* **Exercise**
Would you transcribe only the lines below, from the one containing "環東月河－河岸電梯三房房屋室內格局與周邊環境" through the end of the material, exactly and with no pictures?

* **Raw data**
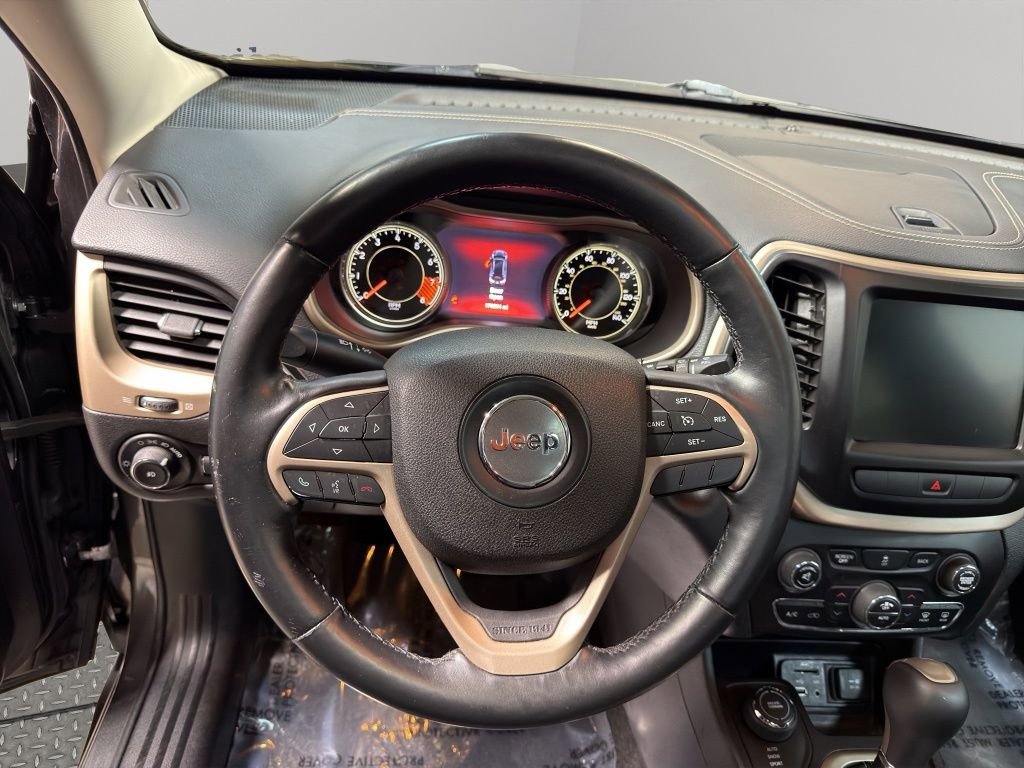 Used 2014 Jeep Cherokee Limited w/ Luxury Group AWD/4WD image 10
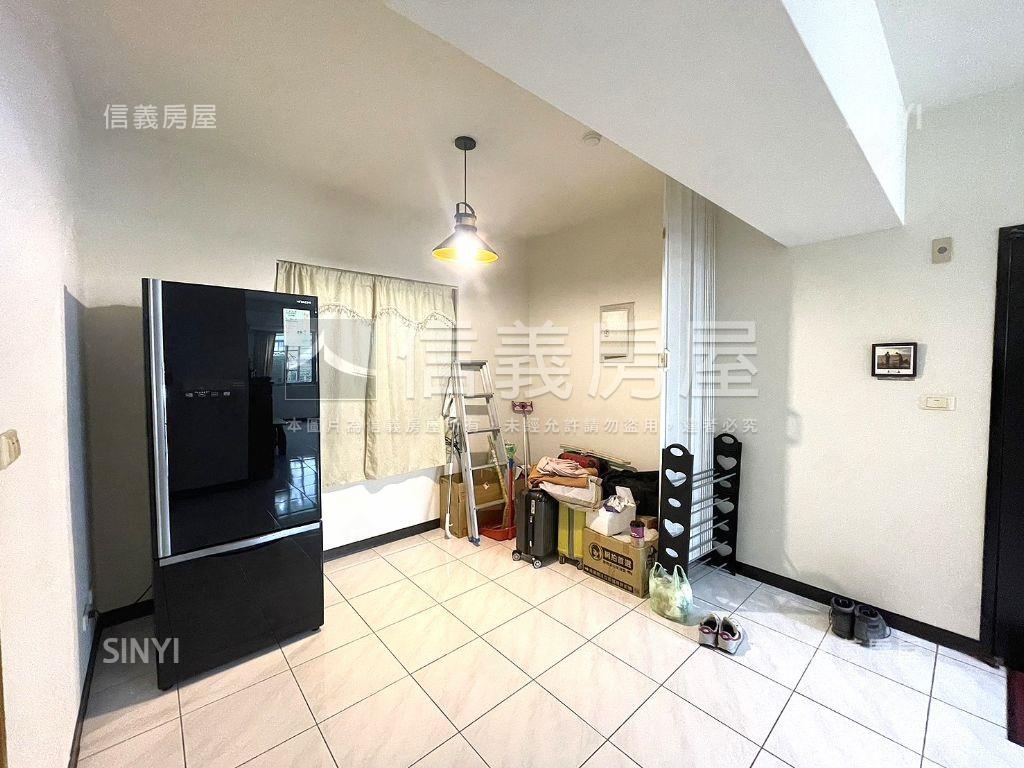 環東月河－河岸電梯三房房屋室內格局與周邊環境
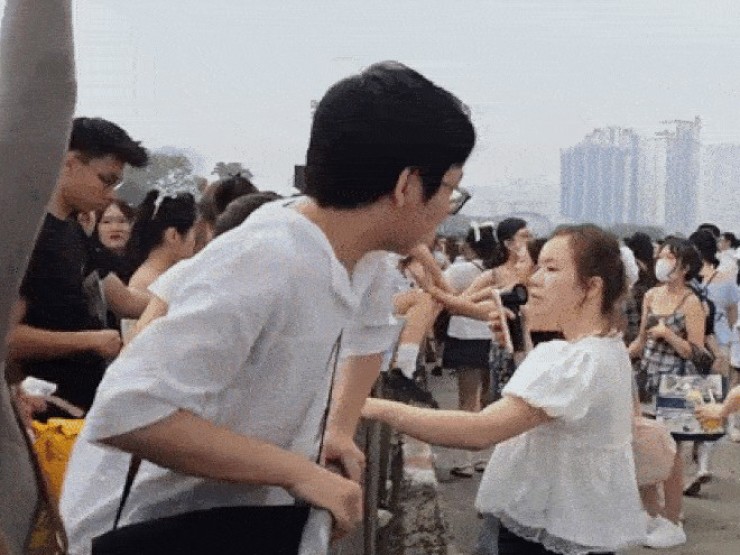 Khán giả trèo rào ở Mỹ Đình để vào xem concert Anh trai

* **Task answer**
 環東月河－河岸電梯三房房屋室內格局與周邊環境
 Khán giả trèo rào ở Mỹ Đình để vào xem concert Anh trai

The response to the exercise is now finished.